Problem — Lines in the records below that contain the word "quite" must each be copied.

(Stored data)
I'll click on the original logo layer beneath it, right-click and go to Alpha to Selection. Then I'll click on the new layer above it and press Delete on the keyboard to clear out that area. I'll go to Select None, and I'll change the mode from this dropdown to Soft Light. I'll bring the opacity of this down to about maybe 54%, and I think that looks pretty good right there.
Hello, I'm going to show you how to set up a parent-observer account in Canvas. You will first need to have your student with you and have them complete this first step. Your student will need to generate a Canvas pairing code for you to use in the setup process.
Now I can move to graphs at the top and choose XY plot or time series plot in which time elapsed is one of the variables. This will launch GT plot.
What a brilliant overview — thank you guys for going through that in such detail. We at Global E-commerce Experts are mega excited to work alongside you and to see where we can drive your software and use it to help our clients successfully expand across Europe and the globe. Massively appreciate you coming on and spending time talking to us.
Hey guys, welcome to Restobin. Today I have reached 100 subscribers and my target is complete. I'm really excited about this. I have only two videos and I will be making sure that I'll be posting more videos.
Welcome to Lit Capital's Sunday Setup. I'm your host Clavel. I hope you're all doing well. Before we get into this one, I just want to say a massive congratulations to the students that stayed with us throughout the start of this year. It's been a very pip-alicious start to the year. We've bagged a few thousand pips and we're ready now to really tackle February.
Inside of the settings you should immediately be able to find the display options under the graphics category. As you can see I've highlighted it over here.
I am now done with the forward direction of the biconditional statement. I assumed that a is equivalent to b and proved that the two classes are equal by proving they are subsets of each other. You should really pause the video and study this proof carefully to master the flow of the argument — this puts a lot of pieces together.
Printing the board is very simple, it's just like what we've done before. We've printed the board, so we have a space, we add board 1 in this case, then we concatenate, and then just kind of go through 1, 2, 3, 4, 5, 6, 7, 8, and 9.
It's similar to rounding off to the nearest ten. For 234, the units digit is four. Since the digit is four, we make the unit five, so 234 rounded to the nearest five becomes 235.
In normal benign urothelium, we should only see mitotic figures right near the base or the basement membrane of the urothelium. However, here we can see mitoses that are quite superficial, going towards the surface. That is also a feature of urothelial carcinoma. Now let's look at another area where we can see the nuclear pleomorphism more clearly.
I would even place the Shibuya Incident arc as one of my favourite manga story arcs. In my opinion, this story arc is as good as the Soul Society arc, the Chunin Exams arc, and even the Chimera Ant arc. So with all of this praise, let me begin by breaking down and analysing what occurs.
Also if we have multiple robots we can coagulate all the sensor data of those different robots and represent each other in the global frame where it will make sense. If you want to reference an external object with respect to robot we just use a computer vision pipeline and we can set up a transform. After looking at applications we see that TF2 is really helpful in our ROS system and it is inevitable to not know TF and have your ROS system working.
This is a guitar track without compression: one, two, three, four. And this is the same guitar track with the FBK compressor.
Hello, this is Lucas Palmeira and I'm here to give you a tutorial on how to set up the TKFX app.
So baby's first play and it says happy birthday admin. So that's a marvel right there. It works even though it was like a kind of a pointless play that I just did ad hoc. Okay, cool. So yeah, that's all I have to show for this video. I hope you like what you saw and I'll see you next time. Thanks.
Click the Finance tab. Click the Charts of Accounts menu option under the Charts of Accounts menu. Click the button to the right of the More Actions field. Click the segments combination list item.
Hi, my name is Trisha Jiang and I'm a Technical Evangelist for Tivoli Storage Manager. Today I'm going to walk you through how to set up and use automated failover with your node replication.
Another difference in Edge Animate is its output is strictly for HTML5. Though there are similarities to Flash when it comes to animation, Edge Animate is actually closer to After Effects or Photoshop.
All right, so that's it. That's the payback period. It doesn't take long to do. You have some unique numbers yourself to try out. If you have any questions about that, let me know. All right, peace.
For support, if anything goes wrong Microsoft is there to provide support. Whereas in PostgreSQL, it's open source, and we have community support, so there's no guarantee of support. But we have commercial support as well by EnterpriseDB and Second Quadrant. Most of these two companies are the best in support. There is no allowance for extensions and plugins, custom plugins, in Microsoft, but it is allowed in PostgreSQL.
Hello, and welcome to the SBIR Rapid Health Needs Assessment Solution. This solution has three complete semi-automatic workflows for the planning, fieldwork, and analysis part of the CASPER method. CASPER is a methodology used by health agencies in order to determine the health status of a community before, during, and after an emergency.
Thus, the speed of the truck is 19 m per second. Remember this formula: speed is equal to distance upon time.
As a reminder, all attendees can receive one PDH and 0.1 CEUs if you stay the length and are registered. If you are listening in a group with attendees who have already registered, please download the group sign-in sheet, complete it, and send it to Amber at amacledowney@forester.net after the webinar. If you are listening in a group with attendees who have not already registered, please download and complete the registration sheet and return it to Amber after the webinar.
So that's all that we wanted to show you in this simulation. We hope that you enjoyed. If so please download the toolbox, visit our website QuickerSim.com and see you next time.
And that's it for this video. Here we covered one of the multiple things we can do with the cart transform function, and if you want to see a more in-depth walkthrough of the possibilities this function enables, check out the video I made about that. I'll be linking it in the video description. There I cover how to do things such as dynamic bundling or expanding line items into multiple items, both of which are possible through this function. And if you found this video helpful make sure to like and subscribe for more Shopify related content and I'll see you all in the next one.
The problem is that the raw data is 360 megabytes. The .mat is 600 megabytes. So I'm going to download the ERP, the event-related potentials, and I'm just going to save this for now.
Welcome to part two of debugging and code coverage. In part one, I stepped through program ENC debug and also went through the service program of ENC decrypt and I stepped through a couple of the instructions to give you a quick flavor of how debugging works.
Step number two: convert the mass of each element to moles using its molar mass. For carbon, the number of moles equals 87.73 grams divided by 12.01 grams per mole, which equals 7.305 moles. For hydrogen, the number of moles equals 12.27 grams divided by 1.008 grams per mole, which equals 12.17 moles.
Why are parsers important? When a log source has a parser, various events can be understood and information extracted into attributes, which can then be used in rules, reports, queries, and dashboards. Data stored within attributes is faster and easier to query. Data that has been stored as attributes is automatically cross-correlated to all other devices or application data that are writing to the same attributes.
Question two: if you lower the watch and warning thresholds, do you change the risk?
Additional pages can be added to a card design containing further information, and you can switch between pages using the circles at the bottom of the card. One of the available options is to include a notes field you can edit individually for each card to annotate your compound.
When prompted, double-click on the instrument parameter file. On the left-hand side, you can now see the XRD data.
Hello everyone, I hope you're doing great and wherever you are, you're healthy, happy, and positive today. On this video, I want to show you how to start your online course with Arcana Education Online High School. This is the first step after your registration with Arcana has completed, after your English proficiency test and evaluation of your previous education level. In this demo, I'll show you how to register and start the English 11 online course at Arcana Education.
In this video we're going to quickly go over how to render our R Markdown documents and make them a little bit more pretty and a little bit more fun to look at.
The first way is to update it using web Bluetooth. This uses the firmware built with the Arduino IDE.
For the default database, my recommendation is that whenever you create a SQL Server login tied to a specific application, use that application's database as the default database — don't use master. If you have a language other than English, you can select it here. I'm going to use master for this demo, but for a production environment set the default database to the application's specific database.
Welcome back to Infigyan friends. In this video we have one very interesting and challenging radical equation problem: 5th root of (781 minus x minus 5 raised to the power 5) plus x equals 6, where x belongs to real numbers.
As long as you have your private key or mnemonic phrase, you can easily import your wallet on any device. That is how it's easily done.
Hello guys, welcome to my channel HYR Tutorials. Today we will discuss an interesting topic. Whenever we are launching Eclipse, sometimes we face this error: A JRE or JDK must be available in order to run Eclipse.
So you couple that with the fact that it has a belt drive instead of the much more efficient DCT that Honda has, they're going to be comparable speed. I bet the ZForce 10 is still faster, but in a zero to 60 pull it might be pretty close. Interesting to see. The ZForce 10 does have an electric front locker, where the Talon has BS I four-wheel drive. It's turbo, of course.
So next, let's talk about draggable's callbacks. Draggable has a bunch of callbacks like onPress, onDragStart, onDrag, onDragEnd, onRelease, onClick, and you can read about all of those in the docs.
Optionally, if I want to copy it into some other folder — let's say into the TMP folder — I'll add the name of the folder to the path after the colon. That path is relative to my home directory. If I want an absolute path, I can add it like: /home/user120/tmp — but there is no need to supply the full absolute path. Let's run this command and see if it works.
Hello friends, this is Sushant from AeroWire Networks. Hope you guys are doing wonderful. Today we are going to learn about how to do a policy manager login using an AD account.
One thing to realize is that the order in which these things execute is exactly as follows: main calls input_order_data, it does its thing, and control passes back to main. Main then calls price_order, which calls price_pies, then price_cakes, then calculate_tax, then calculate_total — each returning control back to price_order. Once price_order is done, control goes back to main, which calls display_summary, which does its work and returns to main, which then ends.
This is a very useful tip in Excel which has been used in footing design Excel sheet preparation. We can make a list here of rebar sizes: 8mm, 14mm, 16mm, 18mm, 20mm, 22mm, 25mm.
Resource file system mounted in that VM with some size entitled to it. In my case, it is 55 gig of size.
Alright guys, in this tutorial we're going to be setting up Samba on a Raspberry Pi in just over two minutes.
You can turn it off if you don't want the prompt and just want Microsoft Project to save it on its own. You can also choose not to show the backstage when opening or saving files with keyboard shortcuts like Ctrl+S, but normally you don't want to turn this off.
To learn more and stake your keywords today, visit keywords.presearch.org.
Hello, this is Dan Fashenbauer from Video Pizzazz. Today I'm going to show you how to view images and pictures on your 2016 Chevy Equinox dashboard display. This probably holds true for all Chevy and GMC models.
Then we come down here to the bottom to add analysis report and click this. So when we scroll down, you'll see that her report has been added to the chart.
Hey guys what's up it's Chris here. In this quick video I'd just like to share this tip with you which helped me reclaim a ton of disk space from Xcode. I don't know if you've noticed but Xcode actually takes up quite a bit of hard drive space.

Exercise result —
In normal benign urothelium, we should only see mitotic figures right near the base or the basement membrane of the urothelium. However, here we can see mitoses that are quite superficial, going towards the surface. That is also a feature of urothelial carcinoma. Now let's look at another area where we can see the nuclear pleomorphism more clearly.
Hey guys what's up it's Chris here. In this quick video I'd just like to share this tip with you which helped me reclaim a ton of disk space from Xcode. I don't know if you've noticed but Xcode actually takes up quite a bit of hard drive space.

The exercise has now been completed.